These conditions enabled synthesis of a broad scope of indolines. The model product 3b was isolated in 84% yield. Using a substrate bearing a larger cyclohexene ring, 4 was produced in 89% yield. More substituted alkenes can also be utilized. These include both trisubstituted alkenes (10-12), tetrasubstitutedalkenes (13), and those bearing a range of groups, including alkyl, aryl, ester, and nitrile (5-8). Many of these examples provide indolines bearing fully substituted C2 carbons adjacent to nitrogen.[20] As mentioned, this is a motif that appears widely in bioactive natural products but is often challenging to prepare (Figure 1).[1a] Benzylic substitution is also well tolerated. With stereogenic benzylic substitution, good levels of diastereoselectivity are observed (9); with benzylic ketones, pseudoindoxyls arise (including those bearing fully substituted carbon centers, 11-13). These oxidized heterocycles appear in many natural products, but typically must be prepared by the oxidative rearrangement of indoles.[21] It is also notable that these cyclizations proceed via 5-exo cyclization onto an electron-deficient alkene opposite to its inherent electronic bias.

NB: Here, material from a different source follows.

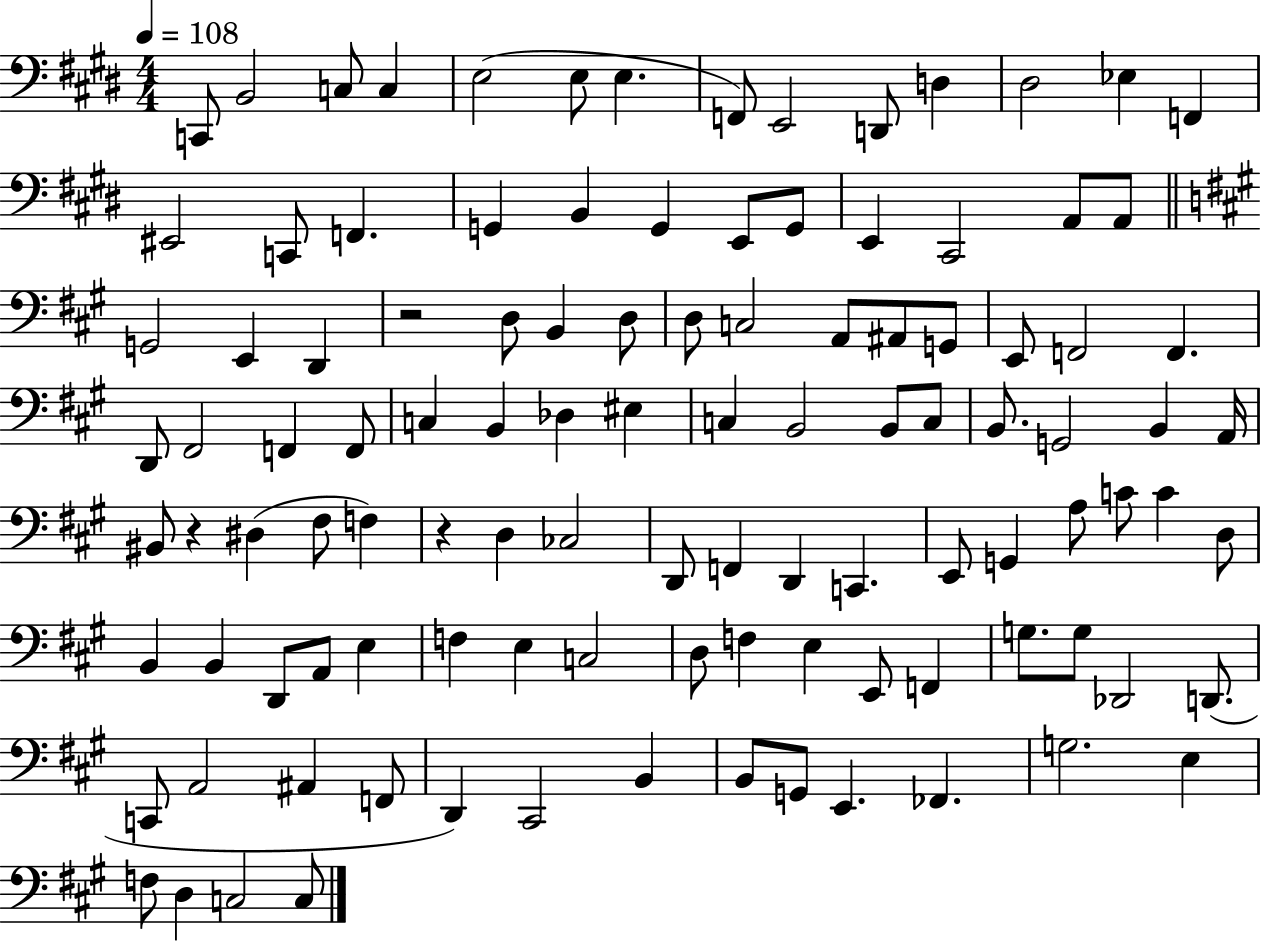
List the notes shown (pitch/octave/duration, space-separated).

C2/e B2/h C3/e C3/q E3/h E3/e E3/q. F2/e E2/h D2/e D3/q D#3/h Eb3/q F2/q EIS2/h C2/e F2/q. G2/q B2/q G2/q E2/e G2/e E2/q C#2/h A2/e A2/e G2/h E2/q D2/q R/h D3/e B2/q D3/e D3/e C3/h A2/e A#2/e G2/e E2/e F2/h F2/q. D2/e F#2/h F2/q F2/e C3/q B2/q Db3/q EIS3/q C3/q B2/h B2/e C3/e B2/e. G2/h B2/q A2/s BIS2/e R/q D#3/q F#3/e F3/q R/q D3/q CES3/h D2/e F2/q D2/q C2/q. E2/e G2/q A3/e C4/e C4/q D3/e B2/q B2/q D2/e A2/e E3/q F3/q E3/q C3/h D3/e F3/q E3/q E2/e F2/q G3/e. G3/e Db2/h D2/e. C2/e A2/h A#2/q F2/e D2/q C#2/h B2/q B2/e G2/e E2/q. FES2/q. G3/h. E3/q F3/e D3/q C3/h C3/e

A range of functional groups are compatible with this cyclization, including ethers (16, 19, 22), carbonyls (7, 11–13, 20), nitrile (8), aryl chloride (17), and various appended heterocycles (19–22). Unfortunately, aryl bromide is not tolerated (18). N-hydroxy aniline bearing an allylic ether can also cyclize under these conditions, resulting in the fused vinyl ether 19 on gram scale.
A range of bicyclic ring topologies can also be prepared, including fused (3b, 4–8, 15–17, 19–21, 24), spirocyclic (12), and bridged (22) systems. Again, this starkly contrasts aza-Wacker cyclizations, where most examples result in mono-cyclic products (see above). There are no reported examples of bridged indolines formed by aza-Wacker cyclization. 6-exo cyclization is also possible. For example, bridged bicyclic hemiaminal 22 can be prepared in this fashion; this is the first metal-catalyzed approach to access such a scaffold. Similarly, dihydrophenanthridine 23 can be prepared via 6-exo cyclization of a biaryl substrate.[22] Finally, the carbamate group can be varied. For example, the Cbz-protected indoline (24) was prepared in good yield, indicating that other protecting and leaving groups can be utilized in this chemistry.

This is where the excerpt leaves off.